2. Sustainability: which proposes that communities continue to maintain and sustain valued social networks amid adversity; and

3. Growth: which suggests that the community’s experience of adversity, offers them the opportunity for growth and development. This suggests that communities that have frequently survived adversities may be strengthened by the experiences of adversities and challenging times. The social networks entrenched in communities serve as their strengths and assets, which contribute to the promotion of the quality of life (Murray & Zautra, 2012:339).

Therefore, achieving resilience is dependent on the strengths and assets accessible to communities.

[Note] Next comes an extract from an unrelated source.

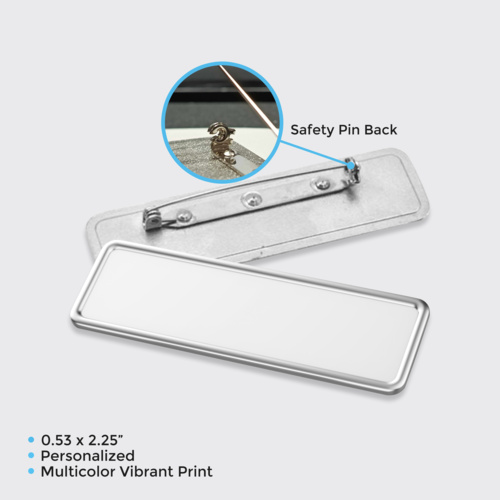 Metal Name Tag Thumbnail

Social networks not only refer to the immediate social environment, but also to the collaborative efforts between the community and economic structures existing in the community, that is, private companies that have a footprint within the community (Chen et al., 2013:131). Collaboration is a partnership between stakeholders working towards a specified goal (Backer, 2003:3). The focal point of the study was to understand the correlation between private companies and communities and building resilience. Although disaster reduction and management is largely the responsibility of local government, it should be emphasised that private companies provide the communities with added strengths and enhance their capacity to address and reduce disaster risks (UNISDR, 2007, UNISDR, n.d.). This can be achieved through collaborative efforts between private companies and communities towards building resilience (NRC, 2011:4). It can thus be said that effective collaboration should be evident in all three processes of recovery, sustainability and growth. Based on this information, it is therefore emphasised that:

 Collaborative efforts between communities and private companies are important for building community resilience to physical hazards (UNISDR, 2005:11; NRC, 2011:4; UNISDR, 2015);

 Private companies have a pivotal role to play in disaster risk reduction (Busch & Givens, 2013:2; Twigg, 2001:17; Van Niekerk et al., 2015:87); and

 It is important for communities to be engaged in community programmes that affects them (CARRI, 2013:12).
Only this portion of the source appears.